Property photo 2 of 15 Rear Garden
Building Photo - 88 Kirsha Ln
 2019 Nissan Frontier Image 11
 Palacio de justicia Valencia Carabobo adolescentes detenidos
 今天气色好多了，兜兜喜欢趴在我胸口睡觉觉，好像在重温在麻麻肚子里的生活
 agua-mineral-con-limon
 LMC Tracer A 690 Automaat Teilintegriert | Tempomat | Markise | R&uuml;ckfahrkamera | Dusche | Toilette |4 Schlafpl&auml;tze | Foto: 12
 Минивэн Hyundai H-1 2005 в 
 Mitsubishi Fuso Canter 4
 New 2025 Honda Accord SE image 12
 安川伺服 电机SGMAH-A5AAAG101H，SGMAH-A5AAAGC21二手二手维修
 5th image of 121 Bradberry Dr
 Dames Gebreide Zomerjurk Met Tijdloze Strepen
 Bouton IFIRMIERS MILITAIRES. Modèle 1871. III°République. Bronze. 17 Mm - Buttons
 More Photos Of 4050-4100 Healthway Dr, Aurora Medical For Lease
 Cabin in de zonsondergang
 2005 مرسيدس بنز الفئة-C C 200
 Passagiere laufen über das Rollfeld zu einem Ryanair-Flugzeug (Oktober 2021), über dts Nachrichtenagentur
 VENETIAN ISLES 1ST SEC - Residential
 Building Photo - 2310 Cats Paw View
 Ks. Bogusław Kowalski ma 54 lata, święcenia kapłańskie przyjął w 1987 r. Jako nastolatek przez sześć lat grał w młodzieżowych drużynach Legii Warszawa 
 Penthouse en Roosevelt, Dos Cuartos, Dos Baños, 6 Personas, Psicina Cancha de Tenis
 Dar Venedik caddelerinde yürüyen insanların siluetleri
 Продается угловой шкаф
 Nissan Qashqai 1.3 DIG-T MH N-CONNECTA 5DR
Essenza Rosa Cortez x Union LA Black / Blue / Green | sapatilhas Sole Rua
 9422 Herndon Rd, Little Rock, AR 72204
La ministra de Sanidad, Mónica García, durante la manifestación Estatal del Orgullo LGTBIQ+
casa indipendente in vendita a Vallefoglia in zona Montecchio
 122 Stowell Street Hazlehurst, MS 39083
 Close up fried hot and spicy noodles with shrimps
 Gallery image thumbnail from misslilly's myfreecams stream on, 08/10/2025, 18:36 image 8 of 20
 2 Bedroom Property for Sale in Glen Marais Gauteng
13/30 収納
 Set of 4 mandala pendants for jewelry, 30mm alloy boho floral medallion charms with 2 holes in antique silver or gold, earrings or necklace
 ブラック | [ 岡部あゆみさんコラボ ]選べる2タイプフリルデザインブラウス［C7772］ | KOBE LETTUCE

• **What is expected**: Repeat all of the material, exactly as it reads.

• **Output for this exercise**:
Property photo 2 of 15 Rear Garden
Building Photo - 88 Kirsha Ln
 2019 Nissan Frontier Image 11
 Palacio de justicia Valencia Carabobo adolescentes detenidos
 今天气色好多了，兜兜喜欢趴在我胸口睡觉觉，好像在重温在麻麻肚子里的生活
 agua-mineral-con-limon
 LMC Tracer A 690 Automaat Teilintegriert | Tempomat | Markise | R&uuml;ckfahrkamera | Dusche | Toilette |4 Schlafpl&auml;tze | Foto: 12
 Минивэн Hyundai H-1 2005 в 
 Mitsubishi Fuso Canter 4
 New 2025 Honda Accord SE image 12
 安川伺服 电机SGMAH-A5AAAG101H，SGMAH-A5AAAGC21二手二手维修
 5th image of 121 Bradberry Dr
 Dames Gebreide Zomerjurk Met Tijdloze Strepen
 Bouton IFIRMIERS MILITAIRES. Modèle 1871. III°République. Bronze. 17 Mm - Buttons
 More Photos Of 4050-4100 Healthway Dr, Aurora Medical For Lease
 Cabin in de zonsondergang
 2005 مرسيدس بنز الفئة-C C 200
 Passagiere laufen über das Rollfeld zu einem Ryanair-Flugzeug (Oktober 2021), über dts Nachrichtenagentur
 VENETIAN ISLES 1ST SEC - Residential
 Building Photo - 2310 Cats Paw View
 Ks. Bogusław Kowalski ma 54 lata, święcenia kapłańskie przyjął w 1987 r. Jako nastolatek przez sześć lat grał w młodzieżowych drużynach Legii Warszawa 
 Penthouse en Roosevelt, Dos Cuartos, Dos Baños, 6 Personas, Psicina Cancha de Tenis
 Dar Venedik caddelerinde yürüyen insanların siluetleri
 Продается угловой шкаф
 Nissan Qashqai 1.3 DIG-T MH N-CONNECTA 5DR
Essenza Rosa Cortez x Union LA Black / Blue / Green | sapatilhas Sole Rua
 9422 Herndon Rd, Little Rock, AR 72204
La ministra de Sanidad, Mónica García, durante la manifestación Estatal del Orgullo LGTBIQ+
casa indipendente in vendita a Vallefoglia in zona Montecchio
 122 Stowell Street Hazlehurst, MS 39083
 Close up fried hot and spicy noodles with shrimps
 Gallery image thumbnail from misslilly's myfreecams stream on, 08/10/2025, 18:36 image 8 of 20
 2 Bedroom Property for Sale in Glen Marais Gauteng
13/30 収納
 Set of 4 mandala pendants for jewelry, 30mm alloy boho floral medallion charms with 2 holes in antique silver or gold, earrings or necklace
 ブラック | [ 岡部あゆみさんコラボ ]選べる2タイプフリルデザインブラウス［C7772］ | KOBE LETTUCE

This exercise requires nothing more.